◆ **Exercise data**
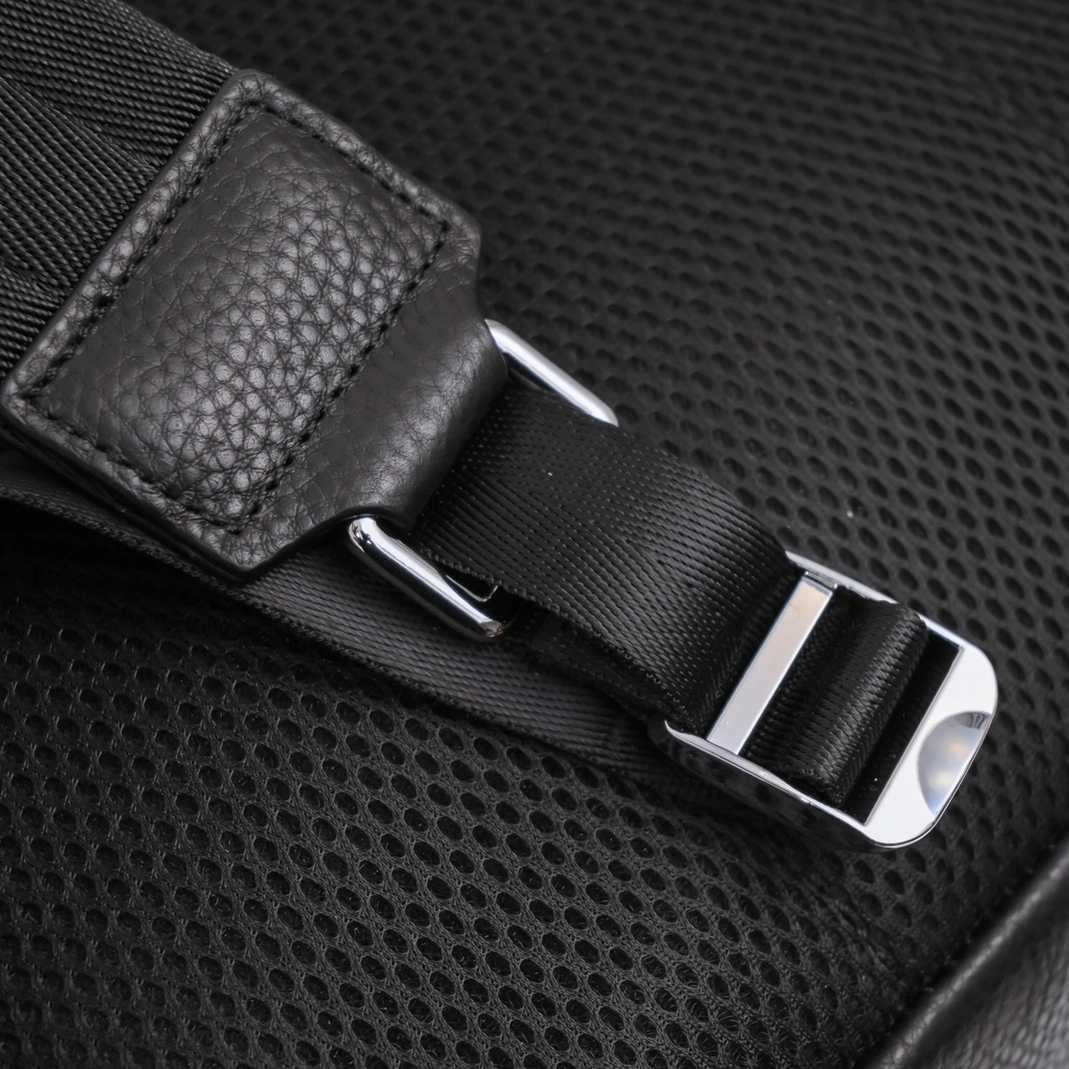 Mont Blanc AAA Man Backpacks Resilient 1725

--

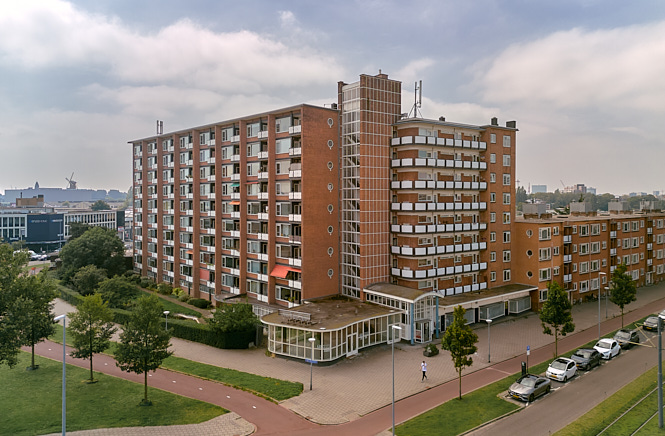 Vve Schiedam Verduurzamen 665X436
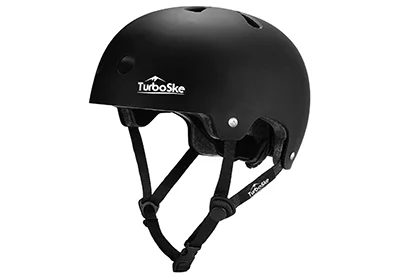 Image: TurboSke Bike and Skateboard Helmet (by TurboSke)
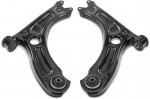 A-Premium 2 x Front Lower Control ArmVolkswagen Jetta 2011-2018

◆ **About this task**
Nothing but the lines above, starting at the line that contains "Vve Schiedam Verduurzamen 665X436" and ending at the line that contains "A-Premium 2 x", should be given again, exactly and without the pictures.

◆ **Task output**
 Vve Schiedam Verduurzamen 665X436
 Image: TurboSke Bike and Skateboard Helmet (by TurboSke)
 A-Premium 2 x Front Lower Control ArmVolkswagen Jetta 2011-2018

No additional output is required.